RUGBY DONNCHA O'CALLAGHAN INTERVIEW:PLAYERS BRING their own auras to a space. Paul O'Connell arrives to the room under Thomond Park preaching excellence with a capable, can-do vibe about him. Doug Howlett bobs in and is all friendly "mate" and charms. Ronan O'Gara, well you try to work out his mood first, don't you. Peter Clohessy and Anthony Foley, they packed some presence when they walked into a room. They still speak of Foley in hushed tones, writes JOHNNY WATTERSON
“We’re better when we’re bitter,” Donncha O’Callaghan tells us was one of Foley’s aphorisms. O’Callaghan’s off-field persona is, well he’s the card, the wag, the court jester. The players also see him as the prank man, the guy whose shorts ripped off during a match against Cardiff Blues but he still took his place in the lineout in red underpants. It was David Wallace’s expression you need to see as O’Callaghan lined up to take the catch. The referee finally intervened. Respect.

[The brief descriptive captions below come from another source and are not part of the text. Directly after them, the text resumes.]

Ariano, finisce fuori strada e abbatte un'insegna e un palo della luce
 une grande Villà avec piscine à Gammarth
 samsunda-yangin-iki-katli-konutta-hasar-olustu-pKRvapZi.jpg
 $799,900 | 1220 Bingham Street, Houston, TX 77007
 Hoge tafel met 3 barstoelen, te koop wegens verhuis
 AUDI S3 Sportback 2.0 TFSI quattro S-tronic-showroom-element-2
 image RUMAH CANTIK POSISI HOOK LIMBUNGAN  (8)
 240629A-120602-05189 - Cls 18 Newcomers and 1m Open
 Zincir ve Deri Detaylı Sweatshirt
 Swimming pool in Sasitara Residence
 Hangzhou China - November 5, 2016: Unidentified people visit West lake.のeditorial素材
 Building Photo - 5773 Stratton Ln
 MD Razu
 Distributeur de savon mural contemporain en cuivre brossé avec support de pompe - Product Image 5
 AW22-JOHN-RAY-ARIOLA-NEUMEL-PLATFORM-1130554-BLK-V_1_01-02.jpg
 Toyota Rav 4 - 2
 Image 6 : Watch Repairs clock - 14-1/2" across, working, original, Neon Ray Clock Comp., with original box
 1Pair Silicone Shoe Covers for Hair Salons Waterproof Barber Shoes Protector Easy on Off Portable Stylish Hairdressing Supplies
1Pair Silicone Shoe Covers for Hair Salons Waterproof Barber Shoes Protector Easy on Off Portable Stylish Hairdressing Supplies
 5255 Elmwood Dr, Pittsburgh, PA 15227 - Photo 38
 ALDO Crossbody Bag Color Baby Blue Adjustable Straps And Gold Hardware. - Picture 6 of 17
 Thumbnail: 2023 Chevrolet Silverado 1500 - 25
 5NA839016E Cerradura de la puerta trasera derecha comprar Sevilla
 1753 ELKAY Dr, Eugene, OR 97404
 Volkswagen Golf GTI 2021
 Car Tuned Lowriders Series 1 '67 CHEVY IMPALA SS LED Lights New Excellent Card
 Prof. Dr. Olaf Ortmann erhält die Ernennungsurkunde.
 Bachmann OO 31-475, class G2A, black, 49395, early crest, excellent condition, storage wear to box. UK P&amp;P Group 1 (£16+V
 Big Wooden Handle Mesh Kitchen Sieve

O’Callaghan fits the role. He comes in today with no shoes or socks, his black hair burned brown at the edges by the African sun and his smile 100 megawatt. He lolls back and gives the impression that he doesn’t actually mind these inquisitions.
There is no malice, no underlying feuds he needs to fight, no snarling or bitterness or obvious irritations, no grudges or issues he’s itching to get off his chest. In Donncha’s life, O’Callaghan is often the punchline.
But when he was named as captain of the Lions against the Southern Kings in Port Elizabeth last month, it marked a significant departure for the secondrow, a shift in how those from outside the Irish scene perceived him.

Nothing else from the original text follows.